* [Work to complete]
Only the pictures are to be dropped; return all other data below exactly.

---------- Data section

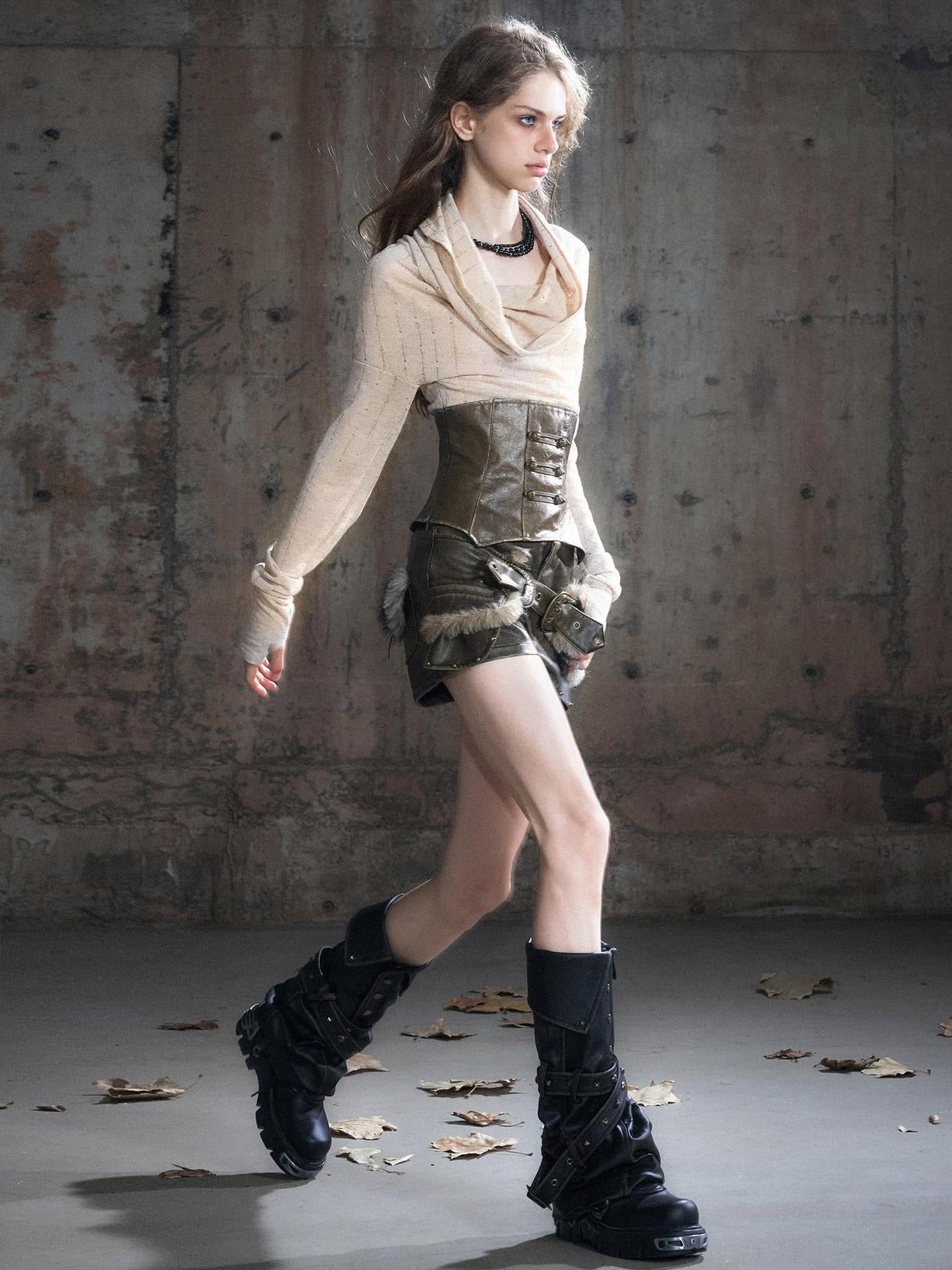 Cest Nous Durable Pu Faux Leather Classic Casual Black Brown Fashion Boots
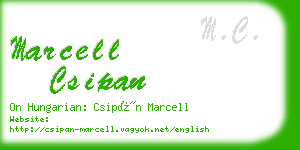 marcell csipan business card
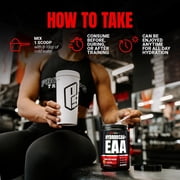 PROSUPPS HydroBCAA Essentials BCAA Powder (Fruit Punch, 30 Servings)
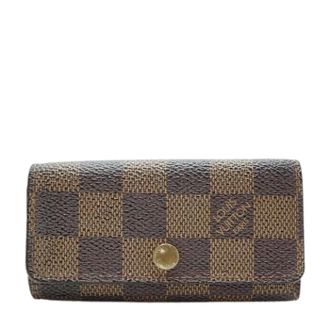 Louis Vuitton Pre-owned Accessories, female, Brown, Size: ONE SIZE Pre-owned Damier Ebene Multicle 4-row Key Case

--------------------

* [Problem solution]
 Cest Nous Durable Pu Faux Leather Classic Casual Black Brown Fashion Boots
 marcell csipan business card
 PROSUPPS HydroBCAA Essentials BCAA Powder (Fruit Punch, 30 Servings)
 Louis Vuitton Pre-owned Accessories, female, Brown, Size: ONE SIZE Pre-owned Damier Ebene Multicle 4-row Key Case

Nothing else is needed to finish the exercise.